Implement an SEO testing framework
Methodically try things on sections of your site, and if they outperform control sections of your site, keep them, otherwise revert.
This requires a lean, disciplined, and flexible approach to thinking about your website as a living and breathing thing, as opposed to a static one time commitment to a web development project plus a way to add content.
Why discipline? Because it needs to be systematic and detail-oriented. You don’t want to double your traffic and cut your conversions in half – that’s not a win.
So you need:
- an understanding and way to measure what matters:
- at the very least – traffic, subscriptions, sales
- in a perfect world – canaries, that is, leading indicators like quality of engagement, user satisfaction, any audience signals that will show danger
- a testing framework:
- at the very least – a way to annotate changes and an alert to check analytics after a predetermined amount of time
- in a perfect world – you have enough traffic, pages, budget to justify SEO + CRO A/B testing
The moment you try to tactically test things without a framework in place, or without an expert SEO there to help you sidestep the landmines, is the moment you’ve already lost.
Too often, I’ll give advice to a client or friend, they’ll take it, and then when I follow up to see what impact it had, they don’t know. They never took the time to check.
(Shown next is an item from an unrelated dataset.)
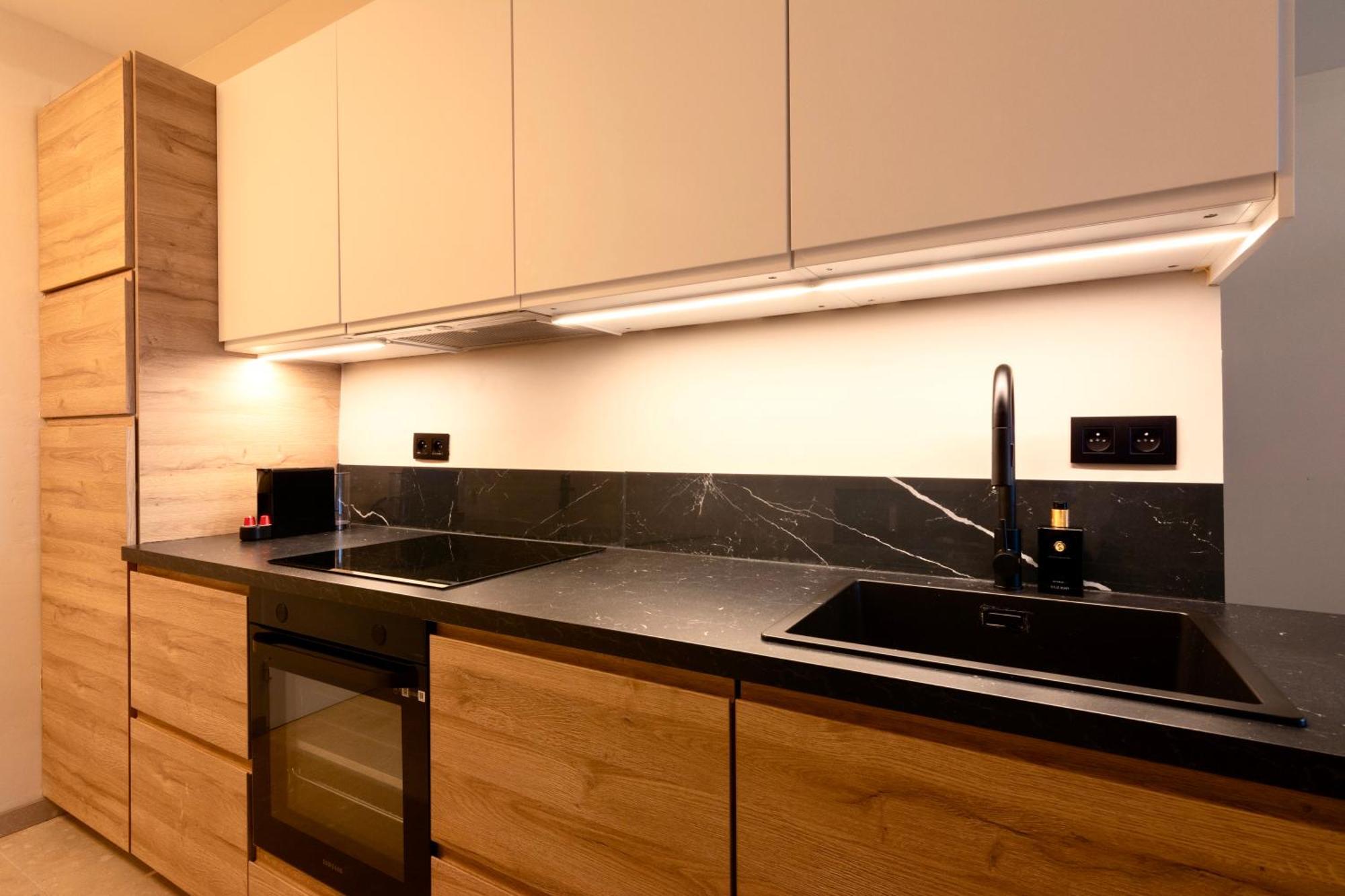 Studio By Aimee - 20M From The Beach & In City Centre! Oostende Bagian luar foto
The long term strategic best practice is to do the things that benefit multiple dimensions of your business.
In essence, do the things that Google loves that, even if Google disappeared tomorrow, would still be worthwhile.
If it generates momentum in an array of dimensions that all generate their own returns irrespective of Google, you’re good. This could be building an influential content library, key relationships, and referral traffic sources.
The overlap between the things that Google loves that also are beneficial enough to do without thinking about Google, are typically the hard things.
That in turn makes them hardest for others to replicate.